▶ **Problem to solve**
Could you give the data below again exactly, apart from the pictures?

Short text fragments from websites
+---+

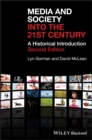 Image for Media and society into the 21st century  : a historical introduction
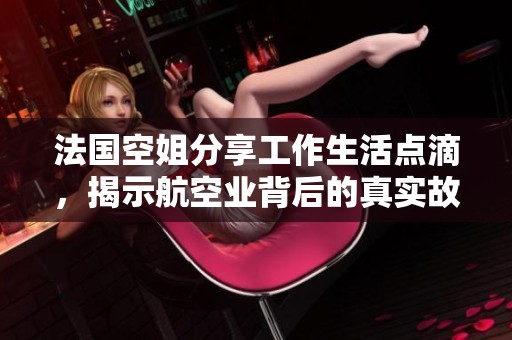 法国空姐分享工作生活点滴，揭示航空业背后的真实故事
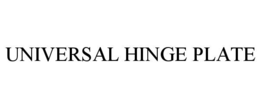 UNIVERSAL HINGE PLATE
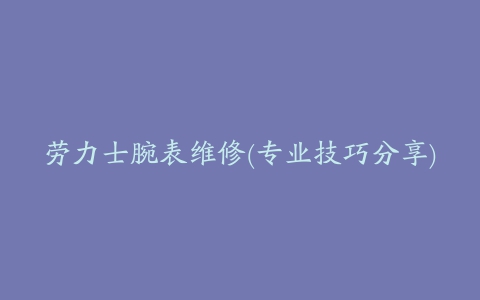 劳力士腕表维修(专业技巧分享)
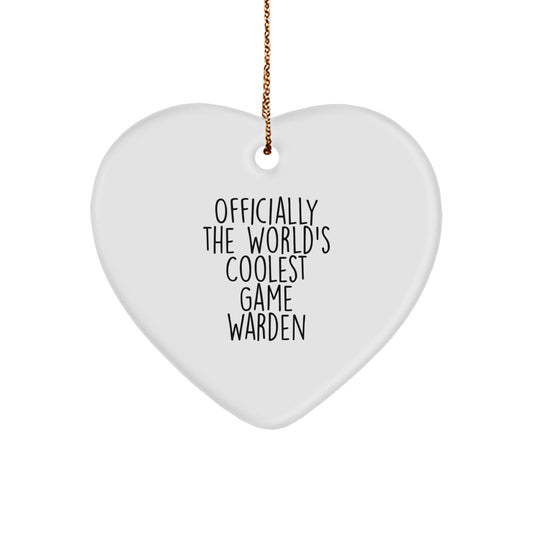 Funny Game Warden Heart Ornament, Gifts from Men to Friends for Officially The World's Coolest Game Warden, Christmas Unique Gifts - Image 1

+---+

▶ **Solution to this exercise**
 Image for Media and society into the 21st century  : a historical introduction
 法国空姐分享工作生活点滴，揭示航空业背后的真实故事
 UNIVERSAL HINGE PLATE
 劳力士腕表维修(专业技巧分享)
 Funny Game Warden Heart Ornament, Gifts from Men to Friends for Officially The World's Coolest Game Warden, Christmas Unique Gifts - Image 1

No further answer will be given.